▸ Exercise inputs
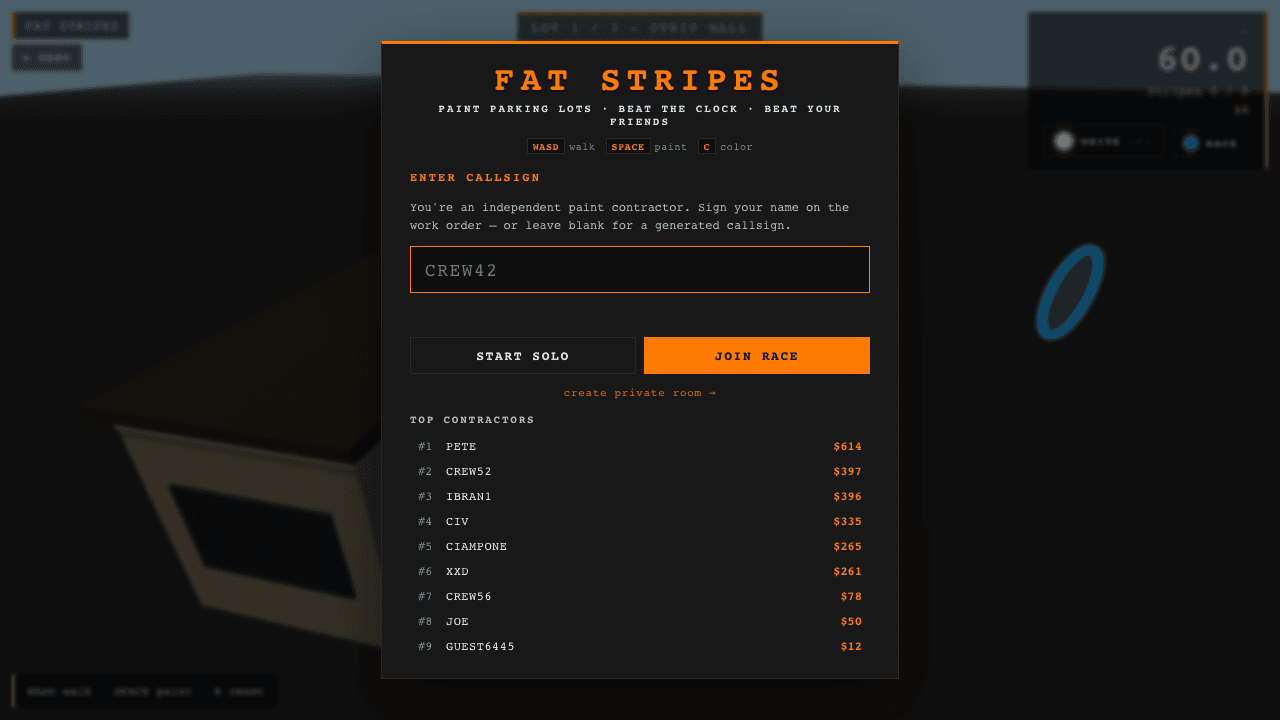Fat Stripes screenshot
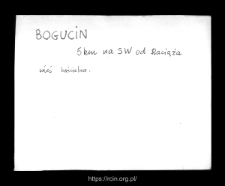 Bogucin. Files of Raciaz district in the Middle Ages. Files of Historico-Geographical Dictionary of Masovia in the Middle Ages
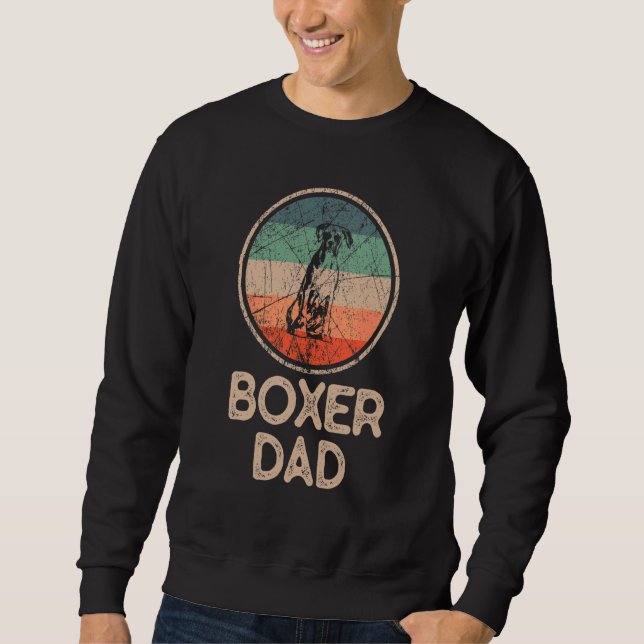 Moletom Pai Boxer Dog Vintage Boxer (Frente)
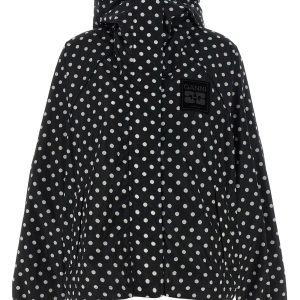 Polka dot anorak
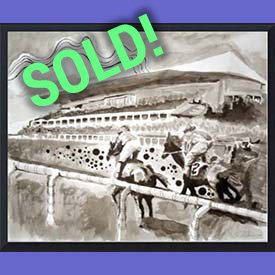 'Track 2009' India ink on paper by APB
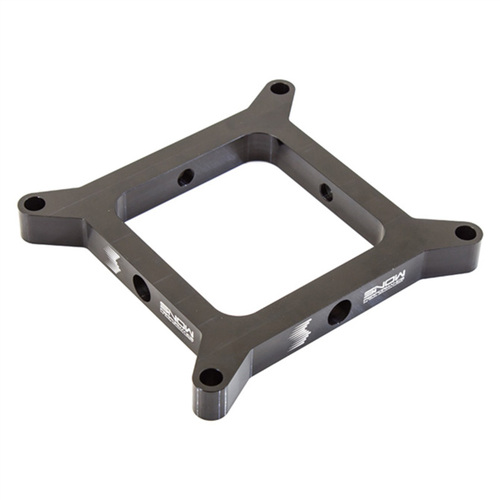 Snow Performance Carburetor Plate, Open Plenum, Square Bore Style, 1 in. Tall, Each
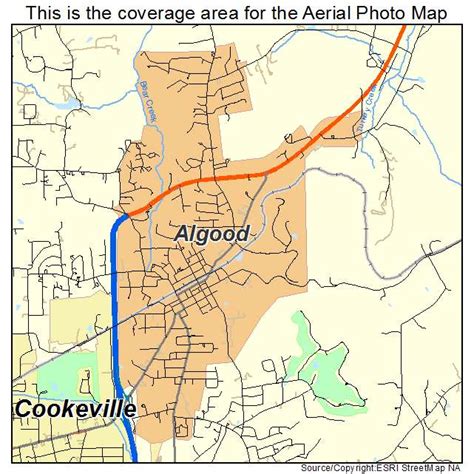 Aerial Photography Map of Algood, TN Tennessee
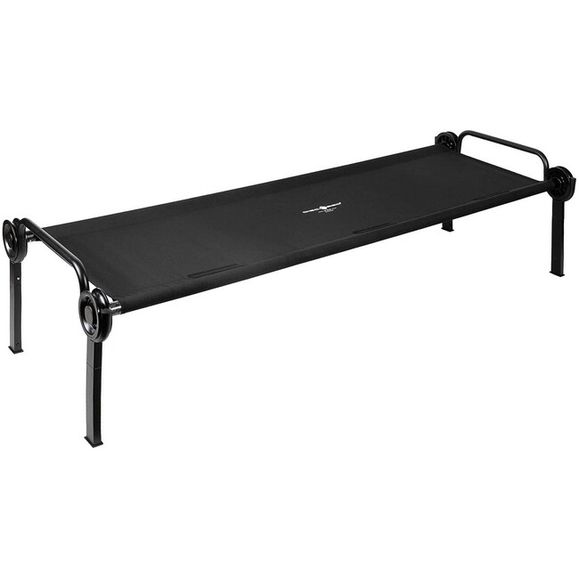 Cot with steel frame, black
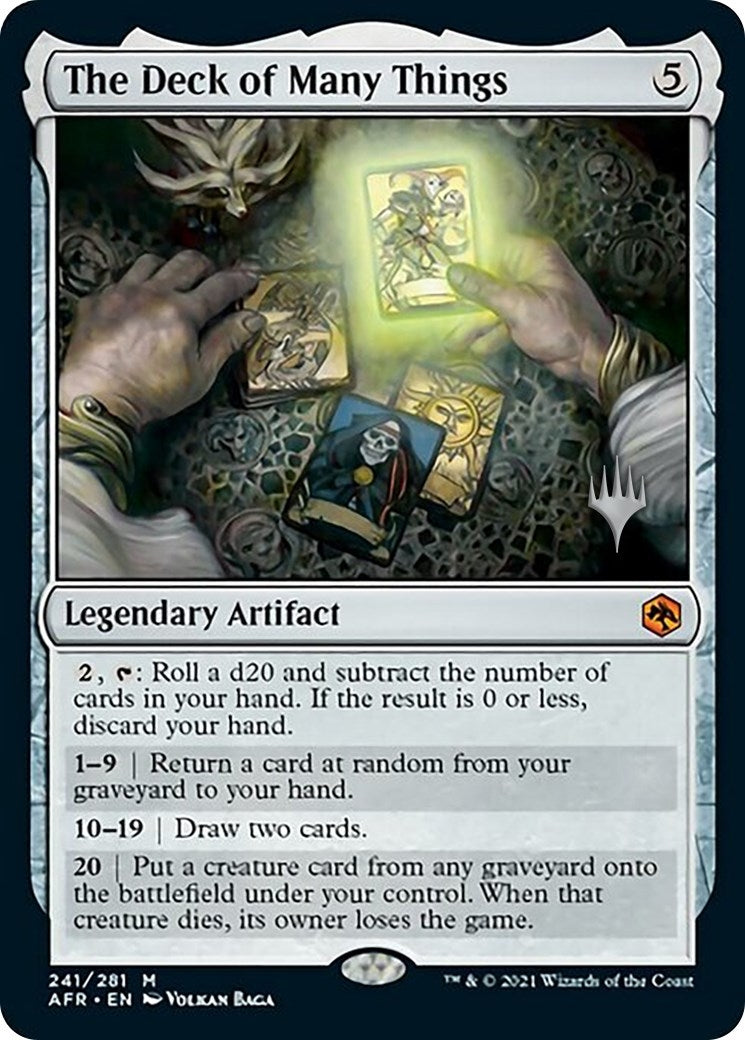 Image for The Deck of Many Things (241) [Adventures in the Forgotten Realms] - Magic: The Gathering
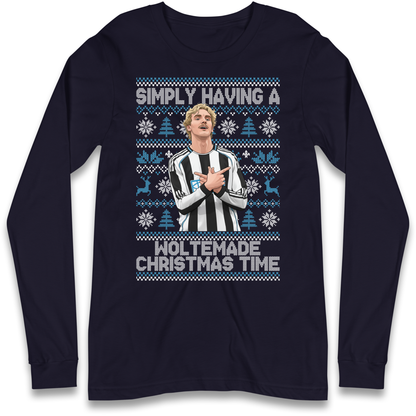 Newcastle united Christmas Longsleeve T Shirt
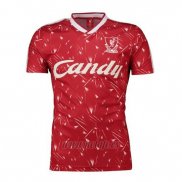 Camiseta Liverpool Candy Primera Retro 1989-1991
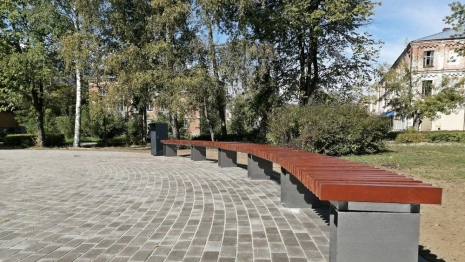 В Собинке завершили первый этап благоустройства бульвара Чайковского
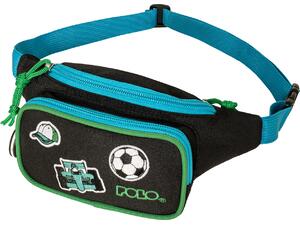 Τσαντάκι μέσης (μπανάνα) Polo Kiddo II 1+1 θέση Μαύρο (908041-2000)
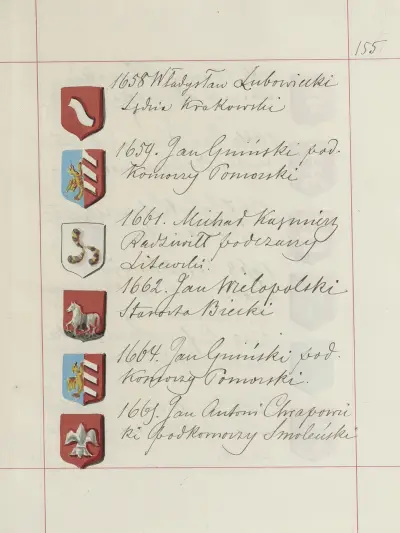 Wappen des Königreichs Polen und des Großfürstentums Litauen. Band 1, Tafel 245 von Boleslaw Starzyński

▸ Exercise brief
From the records above, give again only the part that opens with the line containing "Snow Performance Carburetor" and closes with the line containing "В Собинке завершили". Keep both ends but drop the pictures.

▸ Reply to the exercise
 Snow Performance Carburetor Plate, Open Plenum, Square Bore Style, 1 in. Tall, Each
 Aerial Photography Map of Algood, TN Tennessee
 Cot with steel frame, black
 Image for The Deck of Many Things (241) [Adventures in the Forgotten Realms] - Magic: The Gathering
 Newcastle united Christmas Longsleeve T Shirt
 Camiseta Liverpool Candy Primera Retro 1989-1991
 В Собинке завершили первый этап благоустройства бульвара Чайковского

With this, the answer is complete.